(Stored data)

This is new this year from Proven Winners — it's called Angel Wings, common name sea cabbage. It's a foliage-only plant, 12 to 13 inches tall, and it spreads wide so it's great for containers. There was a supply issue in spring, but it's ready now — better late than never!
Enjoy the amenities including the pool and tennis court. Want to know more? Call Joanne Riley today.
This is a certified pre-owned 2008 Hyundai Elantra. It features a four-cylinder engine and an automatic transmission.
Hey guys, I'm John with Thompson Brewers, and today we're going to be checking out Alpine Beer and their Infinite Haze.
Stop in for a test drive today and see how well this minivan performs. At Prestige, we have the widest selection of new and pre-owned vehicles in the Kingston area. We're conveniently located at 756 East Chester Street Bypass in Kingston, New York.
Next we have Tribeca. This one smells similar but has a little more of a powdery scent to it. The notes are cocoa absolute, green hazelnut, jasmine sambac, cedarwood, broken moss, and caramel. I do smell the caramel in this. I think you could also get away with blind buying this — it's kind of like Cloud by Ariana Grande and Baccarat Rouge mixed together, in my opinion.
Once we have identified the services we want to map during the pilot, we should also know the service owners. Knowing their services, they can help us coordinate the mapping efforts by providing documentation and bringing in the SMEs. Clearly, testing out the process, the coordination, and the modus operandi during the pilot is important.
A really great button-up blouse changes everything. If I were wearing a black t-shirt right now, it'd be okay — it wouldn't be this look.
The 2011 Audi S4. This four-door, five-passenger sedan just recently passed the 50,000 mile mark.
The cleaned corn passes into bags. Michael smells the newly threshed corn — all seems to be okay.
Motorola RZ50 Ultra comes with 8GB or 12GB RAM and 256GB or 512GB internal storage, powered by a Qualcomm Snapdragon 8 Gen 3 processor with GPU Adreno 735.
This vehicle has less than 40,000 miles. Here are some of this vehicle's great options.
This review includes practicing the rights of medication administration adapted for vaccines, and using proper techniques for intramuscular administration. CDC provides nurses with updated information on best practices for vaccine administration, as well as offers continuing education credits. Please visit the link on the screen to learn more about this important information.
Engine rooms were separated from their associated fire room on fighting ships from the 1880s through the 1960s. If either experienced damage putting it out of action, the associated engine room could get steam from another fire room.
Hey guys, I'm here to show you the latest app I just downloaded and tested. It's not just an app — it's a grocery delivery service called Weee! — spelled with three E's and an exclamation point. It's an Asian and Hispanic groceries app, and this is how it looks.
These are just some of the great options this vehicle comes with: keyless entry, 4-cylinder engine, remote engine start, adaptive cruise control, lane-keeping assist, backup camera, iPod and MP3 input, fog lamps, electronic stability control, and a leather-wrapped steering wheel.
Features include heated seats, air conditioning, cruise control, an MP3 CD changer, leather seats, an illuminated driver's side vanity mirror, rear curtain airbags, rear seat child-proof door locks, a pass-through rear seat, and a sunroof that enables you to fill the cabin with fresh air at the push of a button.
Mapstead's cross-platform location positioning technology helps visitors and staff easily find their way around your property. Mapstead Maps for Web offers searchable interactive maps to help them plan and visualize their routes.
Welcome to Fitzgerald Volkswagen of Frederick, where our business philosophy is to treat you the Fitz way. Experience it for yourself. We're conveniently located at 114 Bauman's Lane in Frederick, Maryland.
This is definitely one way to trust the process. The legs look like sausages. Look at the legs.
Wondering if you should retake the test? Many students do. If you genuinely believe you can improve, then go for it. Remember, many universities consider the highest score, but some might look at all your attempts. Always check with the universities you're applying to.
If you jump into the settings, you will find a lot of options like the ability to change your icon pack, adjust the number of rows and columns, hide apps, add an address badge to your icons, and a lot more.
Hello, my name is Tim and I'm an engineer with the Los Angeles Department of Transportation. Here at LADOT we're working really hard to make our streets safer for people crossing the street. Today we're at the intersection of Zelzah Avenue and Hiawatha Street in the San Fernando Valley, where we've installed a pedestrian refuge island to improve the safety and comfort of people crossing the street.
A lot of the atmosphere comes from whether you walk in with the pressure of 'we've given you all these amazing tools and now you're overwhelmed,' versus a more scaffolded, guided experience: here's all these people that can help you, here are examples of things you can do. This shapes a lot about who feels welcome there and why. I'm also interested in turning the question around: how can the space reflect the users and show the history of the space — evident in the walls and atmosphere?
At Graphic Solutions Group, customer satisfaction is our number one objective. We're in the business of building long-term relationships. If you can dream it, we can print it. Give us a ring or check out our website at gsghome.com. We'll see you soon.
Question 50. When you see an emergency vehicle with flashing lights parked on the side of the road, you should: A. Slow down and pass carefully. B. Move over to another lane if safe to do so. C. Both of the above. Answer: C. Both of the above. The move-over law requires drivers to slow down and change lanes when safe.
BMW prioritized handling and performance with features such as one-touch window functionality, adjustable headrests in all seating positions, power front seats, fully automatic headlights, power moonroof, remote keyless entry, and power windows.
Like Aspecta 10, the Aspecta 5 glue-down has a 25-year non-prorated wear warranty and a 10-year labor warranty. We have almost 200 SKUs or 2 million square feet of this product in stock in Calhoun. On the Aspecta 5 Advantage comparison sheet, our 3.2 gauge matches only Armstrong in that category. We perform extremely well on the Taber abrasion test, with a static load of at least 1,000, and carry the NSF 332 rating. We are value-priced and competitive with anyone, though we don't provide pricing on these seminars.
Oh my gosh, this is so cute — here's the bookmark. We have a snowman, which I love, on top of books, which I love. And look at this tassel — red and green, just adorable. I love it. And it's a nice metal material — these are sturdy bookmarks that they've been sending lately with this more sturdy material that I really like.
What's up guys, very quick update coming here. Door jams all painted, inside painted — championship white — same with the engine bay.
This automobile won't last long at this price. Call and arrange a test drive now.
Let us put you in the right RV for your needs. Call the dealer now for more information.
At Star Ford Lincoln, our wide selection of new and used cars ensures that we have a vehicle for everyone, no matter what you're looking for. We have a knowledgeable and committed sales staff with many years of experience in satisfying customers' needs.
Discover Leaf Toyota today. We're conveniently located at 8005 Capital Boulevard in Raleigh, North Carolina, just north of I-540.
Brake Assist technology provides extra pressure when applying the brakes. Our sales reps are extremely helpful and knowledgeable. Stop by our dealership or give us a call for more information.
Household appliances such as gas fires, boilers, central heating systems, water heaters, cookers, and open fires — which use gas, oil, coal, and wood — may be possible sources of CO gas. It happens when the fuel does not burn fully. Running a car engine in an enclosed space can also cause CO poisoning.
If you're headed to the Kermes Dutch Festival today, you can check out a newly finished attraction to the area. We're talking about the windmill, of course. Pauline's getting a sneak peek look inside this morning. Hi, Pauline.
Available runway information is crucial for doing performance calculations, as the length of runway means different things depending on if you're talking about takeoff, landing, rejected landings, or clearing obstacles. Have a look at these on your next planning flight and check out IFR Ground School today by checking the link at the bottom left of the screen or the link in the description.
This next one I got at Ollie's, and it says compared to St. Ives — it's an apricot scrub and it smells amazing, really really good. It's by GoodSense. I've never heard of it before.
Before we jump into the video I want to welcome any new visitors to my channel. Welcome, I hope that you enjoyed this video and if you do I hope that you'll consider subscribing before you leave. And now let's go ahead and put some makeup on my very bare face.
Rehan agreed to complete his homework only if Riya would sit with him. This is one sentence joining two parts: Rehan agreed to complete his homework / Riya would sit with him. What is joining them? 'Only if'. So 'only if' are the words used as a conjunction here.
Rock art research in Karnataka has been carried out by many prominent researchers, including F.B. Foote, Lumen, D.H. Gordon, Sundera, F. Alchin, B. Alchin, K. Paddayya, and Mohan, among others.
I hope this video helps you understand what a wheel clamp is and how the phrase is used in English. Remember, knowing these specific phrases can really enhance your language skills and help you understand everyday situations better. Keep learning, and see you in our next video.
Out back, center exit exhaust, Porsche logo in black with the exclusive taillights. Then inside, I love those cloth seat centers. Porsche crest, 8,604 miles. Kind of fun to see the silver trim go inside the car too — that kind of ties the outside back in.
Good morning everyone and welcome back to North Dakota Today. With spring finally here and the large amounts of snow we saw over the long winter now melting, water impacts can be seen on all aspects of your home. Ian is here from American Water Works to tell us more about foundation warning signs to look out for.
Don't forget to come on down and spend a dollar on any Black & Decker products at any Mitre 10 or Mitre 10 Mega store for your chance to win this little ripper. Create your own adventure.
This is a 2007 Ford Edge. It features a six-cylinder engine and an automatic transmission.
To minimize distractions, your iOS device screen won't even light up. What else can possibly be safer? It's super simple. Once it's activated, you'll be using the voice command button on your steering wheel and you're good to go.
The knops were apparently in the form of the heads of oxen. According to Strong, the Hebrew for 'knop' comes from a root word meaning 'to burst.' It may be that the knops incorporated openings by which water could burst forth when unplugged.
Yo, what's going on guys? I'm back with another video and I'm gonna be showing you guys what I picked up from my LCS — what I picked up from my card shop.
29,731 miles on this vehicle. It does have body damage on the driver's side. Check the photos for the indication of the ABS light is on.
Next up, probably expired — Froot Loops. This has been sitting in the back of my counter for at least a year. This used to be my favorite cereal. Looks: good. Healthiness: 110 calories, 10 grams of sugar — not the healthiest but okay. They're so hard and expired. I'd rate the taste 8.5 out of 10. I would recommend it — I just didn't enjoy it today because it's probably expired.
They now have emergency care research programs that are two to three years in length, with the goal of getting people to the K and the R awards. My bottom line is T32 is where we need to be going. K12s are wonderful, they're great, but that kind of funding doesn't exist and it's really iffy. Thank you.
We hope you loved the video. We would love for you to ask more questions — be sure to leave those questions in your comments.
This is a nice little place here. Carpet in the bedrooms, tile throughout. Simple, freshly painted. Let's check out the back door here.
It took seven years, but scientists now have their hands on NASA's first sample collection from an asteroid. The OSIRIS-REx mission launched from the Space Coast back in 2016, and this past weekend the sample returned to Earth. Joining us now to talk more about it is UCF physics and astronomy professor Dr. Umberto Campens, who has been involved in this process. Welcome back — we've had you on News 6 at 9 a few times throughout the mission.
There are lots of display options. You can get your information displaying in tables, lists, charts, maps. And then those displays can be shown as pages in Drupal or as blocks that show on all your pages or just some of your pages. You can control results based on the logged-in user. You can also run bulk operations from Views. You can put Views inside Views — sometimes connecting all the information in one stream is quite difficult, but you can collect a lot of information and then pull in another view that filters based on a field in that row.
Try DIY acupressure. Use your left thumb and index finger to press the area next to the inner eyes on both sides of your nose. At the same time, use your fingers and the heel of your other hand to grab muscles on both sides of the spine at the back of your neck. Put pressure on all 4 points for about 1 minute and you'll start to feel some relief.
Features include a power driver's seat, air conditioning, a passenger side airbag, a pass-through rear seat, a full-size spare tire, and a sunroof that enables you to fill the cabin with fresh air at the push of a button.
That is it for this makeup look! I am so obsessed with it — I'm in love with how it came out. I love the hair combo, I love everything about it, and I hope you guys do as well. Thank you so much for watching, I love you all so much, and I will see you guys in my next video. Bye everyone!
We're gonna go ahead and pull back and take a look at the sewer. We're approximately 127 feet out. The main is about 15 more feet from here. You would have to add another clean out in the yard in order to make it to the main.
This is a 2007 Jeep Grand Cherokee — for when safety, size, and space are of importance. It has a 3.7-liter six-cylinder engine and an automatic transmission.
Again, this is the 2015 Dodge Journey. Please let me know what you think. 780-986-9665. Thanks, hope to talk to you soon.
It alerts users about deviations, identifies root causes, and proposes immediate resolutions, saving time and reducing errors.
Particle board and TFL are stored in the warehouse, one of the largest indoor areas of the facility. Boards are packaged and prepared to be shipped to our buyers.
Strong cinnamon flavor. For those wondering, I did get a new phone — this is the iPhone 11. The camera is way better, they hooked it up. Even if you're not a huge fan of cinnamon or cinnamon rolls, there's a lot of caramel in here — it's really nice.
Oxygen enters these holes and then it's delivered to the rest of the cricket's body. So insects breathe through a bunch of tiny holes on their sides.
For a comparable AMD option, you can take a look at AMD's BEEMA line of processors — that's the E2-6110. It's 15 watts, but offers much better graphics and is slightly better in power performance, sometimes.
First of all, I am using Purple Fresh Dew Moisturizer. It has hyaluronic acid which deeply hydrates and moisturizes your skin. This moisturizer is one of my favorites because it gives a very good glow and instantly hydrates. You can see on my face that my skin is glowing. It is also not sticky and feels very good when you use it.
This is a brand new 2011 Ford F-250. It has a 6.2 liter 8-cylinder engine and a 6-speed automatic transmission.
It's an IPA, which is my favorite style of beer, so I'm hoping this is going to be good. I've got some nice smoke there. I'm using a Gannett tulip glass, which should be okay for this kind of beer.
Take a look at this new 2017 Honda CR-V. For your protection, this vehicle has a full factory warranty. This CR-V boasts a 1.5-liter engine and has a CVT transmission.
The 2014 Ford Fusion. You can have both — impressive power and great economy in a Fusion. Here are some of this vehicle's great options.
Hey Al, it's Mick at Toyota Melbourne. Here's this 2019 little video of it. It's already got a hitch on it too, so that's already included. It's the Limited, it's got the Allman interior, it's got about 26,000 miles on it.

About this exercise: Within the entries, count the lines containing the string "miles" and state nothing but the result.

Written reply: 4